ABP niet meer bevoegd te beslissen over toepassen 5%-knip

19 juni 2024

Hieronder leest u een beslissing van de Commissie van Beroep. U kunt geen rechten ontlenen aan deze tekst. Om de privacy van onze deelnemers te beschermen, zijn de gebruikte namen niet echt.

Het probleem: ABP wil Levi’s pensioen niet opnieuw berekenen met een 5%-knip

Levi vindt dat ABP hem in het verleden had moeten vertellen over de 5%-knip. Dat deed ABP niet. Daarom wil Levi nu alsnog deze knip gebruiken. ABP werkte hier niet aan mee omdat het gaat over pensioen dat Levi opbouwde vóór 1996.

De situatie: ABP wil geen pensioenknip toepassen over Levi’s diensttijd vóór 1996

Als het inkomen 5% of meer daalde, werd dat lagere inkomen voor de eindloonaanspraak beperkt door een ‘knip’. Dat gebeurde via de ABP-wet. Bij een knip rekende ABP de tijd voor de verlaging apart af naar het laatste inkomen voor de verlaging. De tijd na de knip volgde het verlaagde inkomen. Deelnemers moesten hier zelf om vragen. Dat stond in het pensioenreglement.

Levi’s inkomen daalde volgens hem in het verleden meer dan 5%. Dan had hij de 5%-knip kunnen gebruiken. En dan zou zijn pensioen hoger zijn. Levi vraagt ABP om zijn pensioen te verhogen door alsnog de 5%-knip toe te passen.

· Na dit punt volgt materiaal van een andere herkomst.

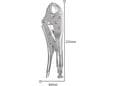 Deli Grip klešta 220mm EDL2001
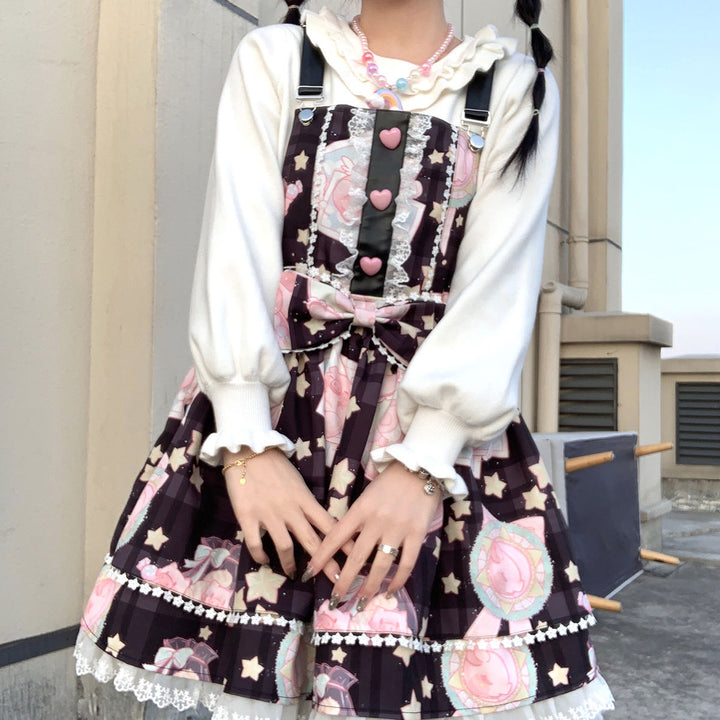 Sweet Lolita Kawaii Lace Dress - Juneptune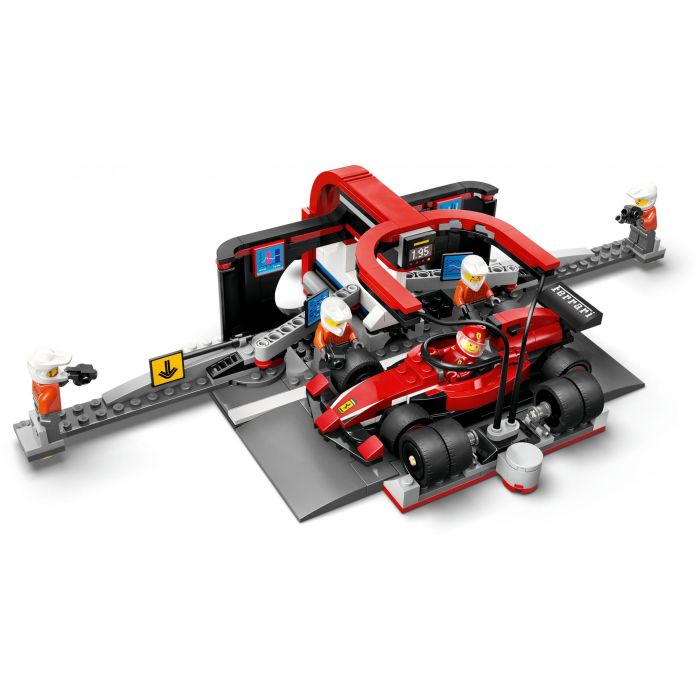 Lego Juego de Construcción City Fórmula 1 Parada en Boxes con Equipo de Mecánicos y Coche Ferrari para Niños +6 Años 4 Lego Juego de Construcción City Fórmula 1 Parada en Boxes con Equipo de Mecánicos y Coche Ferrari para Niños +6 Años 4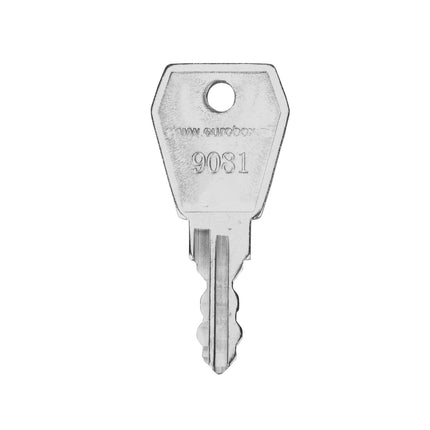 Klucz do zamka K9 1ZC-0304 z kodem "9081" 2KC-0002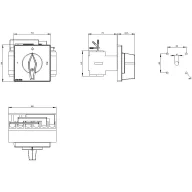   Megszakítók Fekete 3 pólusú 35 mm² 63 A 690 V/AC Siemens 3LD25247UK01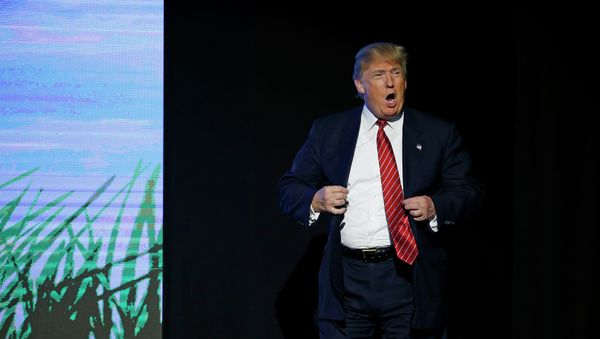 Republican presidential candidate Donald Trump speaks at FreedomFest Saturday, July 11, 2015, in Las Vegas. Republican presidential candidate Donald Trump speaks at FreedomFest Saturday, July 11, 2015, in Las Vegas. - Sputnik International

De beslissing: ABP mag niet meer beslissen over pensioenopbouw in de periode vóór 1996

Dit omdat ABP op 1 januari 1996 privatiseerde. Vanaf dat moment vallen alle pensioenen onder het nieuwe pensioenreglement. ABP mag nu geen verzoeken behandelen die gaan over pensioen dat is opgebouwd in de oude ABP-wet. Dat staat in de wet.

Ook vindt de commissie niet dat ABP Levi te weinig informatie gaf. Pensioenfondsen hadden in die tijd nog geen informatieplicht zoals we die nu kennen. De informatievoorziening over pensioen lag toen bij de werkgever.